For each line of the listing that includes the word "Apartamento", show the whole line.

═══ STORED DATA ═══

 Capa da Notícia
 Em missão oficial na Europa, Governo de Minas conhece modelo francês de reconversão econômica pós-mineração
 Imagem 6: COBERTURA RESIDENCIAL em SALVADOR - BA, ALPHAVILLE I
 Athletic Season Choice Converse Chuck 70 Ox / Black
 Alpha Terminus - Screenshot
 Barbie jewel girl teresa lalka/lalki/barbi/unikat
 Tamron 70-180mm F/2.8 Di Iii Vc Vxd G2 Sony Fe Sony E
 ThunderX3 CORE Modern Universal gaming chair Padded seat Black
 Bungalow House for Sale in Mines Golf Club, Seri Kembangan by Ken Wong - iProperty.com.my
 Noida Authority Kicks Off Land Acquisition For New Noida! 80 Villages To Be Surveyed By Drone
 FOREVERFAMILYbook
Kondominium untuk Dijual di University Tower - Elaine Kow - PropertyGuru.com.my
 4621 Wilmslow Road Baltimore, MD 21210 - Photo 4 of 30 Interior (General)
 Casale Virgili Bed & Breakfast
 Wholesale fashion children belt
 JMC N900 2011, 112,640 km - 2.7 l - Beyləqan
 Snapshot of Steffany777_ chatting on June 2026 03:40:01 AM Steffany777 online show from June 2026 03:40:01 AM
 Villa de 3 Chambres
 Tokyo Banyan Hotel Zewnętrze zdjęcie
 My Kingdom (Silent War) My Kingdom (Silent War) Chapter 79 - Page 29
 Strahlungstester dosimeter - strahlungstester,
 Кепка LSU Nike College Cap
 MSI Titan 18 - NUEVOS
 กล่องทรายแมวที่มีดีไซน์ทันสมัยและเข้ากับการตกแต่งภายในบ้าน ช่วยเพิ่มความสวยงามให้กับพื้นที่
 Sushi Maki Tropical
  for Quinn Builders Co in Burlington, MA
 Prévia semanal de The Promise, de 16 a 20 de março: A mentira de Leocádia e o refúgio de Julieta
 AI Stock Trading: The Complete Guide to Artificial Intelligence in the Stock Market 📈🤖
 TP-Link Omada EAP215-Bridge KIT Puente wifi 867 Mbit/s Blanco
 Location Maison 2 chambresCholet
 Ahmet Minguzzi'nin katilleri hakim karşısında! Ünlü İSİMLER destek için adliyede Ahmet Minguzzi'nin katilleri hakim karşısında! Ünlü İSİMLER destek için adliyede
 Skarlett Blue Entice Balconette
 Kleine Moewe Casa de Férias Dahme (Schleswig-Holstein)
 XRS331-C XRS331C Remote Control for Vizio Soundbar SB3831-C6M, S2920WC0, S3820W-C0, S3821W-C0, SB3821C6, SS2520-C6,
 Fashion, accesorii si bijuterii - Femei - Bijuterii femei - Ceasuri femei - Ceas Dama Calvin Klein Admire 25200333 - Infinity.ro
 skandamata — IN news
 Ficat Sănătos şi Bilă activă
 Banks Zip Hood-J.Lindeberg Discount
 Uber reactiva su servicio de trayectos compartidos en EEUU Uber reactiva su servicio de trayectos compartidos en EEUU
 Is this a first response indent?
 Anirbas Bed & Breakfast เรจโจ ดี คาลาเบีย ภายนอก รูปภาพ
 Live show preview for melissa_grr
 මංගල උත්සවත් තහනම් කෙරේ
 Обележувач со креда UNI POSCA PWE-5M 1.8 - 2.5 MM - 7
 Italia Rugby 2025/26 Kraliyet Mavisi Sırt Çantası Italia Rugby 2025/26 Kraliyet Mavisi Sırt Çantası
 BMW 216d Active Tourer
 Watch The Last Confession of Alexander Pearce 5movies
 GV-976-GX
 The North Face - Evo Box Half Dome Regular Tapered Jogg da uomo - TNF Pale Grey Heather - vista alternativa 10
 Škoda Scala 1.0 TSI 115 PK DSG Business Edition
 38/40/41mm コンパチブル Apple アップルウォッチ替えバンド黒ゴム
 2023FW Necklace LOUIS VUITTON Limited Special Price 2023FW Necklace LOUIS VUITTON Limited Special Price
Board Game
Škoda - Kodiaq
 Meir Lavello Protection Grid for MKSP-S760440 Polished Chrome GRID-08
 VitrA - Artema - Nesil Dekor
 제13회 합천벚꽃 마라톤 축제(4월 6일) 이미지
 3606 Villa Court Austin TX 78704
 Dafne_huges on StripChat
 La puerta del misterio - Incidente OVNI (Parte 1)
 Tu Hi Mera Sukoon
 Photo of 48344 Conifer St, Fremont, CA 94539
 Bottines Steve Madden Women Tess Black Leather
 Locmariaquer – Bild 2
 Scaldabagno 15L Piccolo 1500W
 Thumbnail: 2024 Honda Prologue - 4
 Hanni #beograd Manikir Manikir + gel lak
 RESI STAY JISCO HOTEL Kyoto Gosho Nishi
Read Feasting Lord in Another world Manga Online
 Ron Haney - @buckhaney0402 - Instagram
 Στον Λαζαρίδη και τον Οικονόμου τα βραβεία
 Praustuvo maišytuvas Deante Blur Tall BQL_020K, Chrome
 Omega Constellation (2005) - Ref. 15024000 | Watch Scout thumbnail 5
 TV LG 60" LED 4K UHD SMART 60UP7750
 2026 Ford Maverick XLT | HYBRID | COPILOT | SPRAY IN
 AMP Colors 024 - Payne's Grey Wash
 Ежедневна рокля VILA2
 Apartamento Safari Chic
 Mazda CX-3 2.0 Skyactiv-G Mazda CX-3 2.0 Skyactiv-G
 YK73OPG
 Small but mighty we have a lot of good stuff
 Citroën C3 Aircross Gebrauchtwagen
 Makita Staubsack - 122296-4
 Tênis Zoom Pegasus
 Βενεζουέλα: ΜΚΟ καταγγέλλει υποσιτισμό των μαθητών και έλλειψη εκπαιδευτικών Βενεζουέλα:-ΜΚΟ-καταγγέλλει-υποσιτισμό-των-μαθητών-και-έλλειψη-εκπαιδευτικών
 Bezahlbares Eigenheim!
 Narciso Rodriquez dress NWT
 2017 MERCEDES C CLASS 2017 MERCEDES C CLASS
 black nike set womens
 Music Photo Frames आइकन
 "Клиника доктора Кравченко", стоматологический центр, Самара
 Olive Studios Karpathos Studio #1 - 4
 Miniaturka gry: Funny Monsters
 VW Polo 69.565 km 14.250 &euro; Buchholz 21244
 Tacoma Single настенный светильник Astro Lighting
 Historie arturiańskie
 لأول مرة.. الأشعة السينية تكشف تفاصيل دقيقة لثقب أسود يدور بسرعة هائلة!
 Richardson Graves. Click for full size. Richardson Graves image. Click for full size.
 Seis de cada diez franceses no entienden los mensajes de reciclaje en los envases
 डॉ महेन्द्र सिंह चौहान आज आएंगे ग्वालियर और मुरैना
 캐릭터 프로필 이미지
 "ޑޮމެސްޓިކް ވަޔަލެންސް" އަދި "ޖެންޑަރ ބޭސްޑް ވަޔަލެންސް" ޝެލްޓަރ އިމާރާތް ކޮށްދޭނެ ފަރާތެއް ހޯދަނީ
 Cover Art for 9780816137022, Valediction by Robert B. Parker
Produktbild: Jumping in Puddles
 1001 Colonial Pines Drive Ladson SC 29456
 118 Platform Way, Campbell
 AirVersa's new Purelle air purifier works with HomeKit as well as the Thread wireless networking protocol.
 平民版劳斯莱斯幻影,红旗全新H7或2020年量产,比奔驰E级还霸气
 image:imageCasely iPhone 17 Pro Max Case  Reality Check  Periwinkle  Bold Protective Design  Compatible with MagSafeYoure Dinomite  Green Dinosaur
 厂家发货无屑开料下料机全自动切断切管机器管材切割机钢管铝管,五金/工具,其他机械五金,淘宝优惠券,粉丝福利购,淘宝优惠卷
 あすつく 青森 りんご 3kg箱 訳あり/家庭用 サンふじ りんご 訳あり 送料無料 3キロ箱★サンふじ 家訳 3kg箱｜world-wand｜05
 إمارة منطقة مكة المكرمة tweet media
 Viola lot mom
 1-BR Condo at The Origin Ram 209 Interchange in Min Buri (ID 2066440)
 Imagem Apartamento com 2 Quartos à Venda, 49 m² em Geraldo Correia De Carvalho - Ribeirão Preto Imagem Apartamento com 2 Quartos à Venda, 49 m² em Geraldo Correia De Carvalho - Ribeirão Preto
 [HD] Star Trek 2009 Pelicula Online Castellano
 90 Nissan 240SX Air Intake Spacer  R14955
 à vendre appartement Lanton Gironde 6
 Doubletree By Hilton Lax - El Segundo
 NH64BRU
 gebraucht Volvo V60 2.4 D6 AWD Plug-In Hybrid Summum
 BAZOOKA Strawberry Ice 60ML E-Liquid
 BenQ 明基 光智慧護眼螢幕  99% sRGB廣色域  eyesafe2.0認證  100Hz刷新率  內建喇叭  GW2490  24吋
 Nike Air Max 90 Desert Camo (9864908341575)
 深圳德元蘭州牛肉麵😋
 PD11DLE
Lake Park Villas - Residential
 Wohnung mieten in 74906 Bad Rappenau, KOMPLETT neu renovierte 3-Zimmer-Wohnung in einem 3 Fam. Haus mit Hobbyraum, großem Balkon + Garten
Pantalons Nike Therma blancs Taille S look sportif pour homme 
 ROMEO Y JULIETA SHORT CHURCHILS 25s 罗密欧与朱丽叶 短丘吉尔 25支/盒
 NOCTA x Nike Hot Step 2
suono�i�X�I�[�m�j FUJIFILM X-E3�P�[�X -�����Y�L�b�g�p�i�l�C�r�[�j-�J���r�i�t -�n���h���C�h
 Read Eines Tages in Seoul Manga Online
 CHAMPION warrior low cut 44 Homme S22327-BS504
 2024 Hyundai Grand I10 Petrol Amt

═══

## FINAL ANSWER
 Apartamento Safari Chic
 Imagem Apartamento com 2 Quartos à Venda, 49 m² em Geraldo Correia De Carvalho - Ribeirão Preto Imagem Apartamento com 2 Quartos à Venda, 49 m² em Geraldo Correia De Carvalho - Ribeirão Preto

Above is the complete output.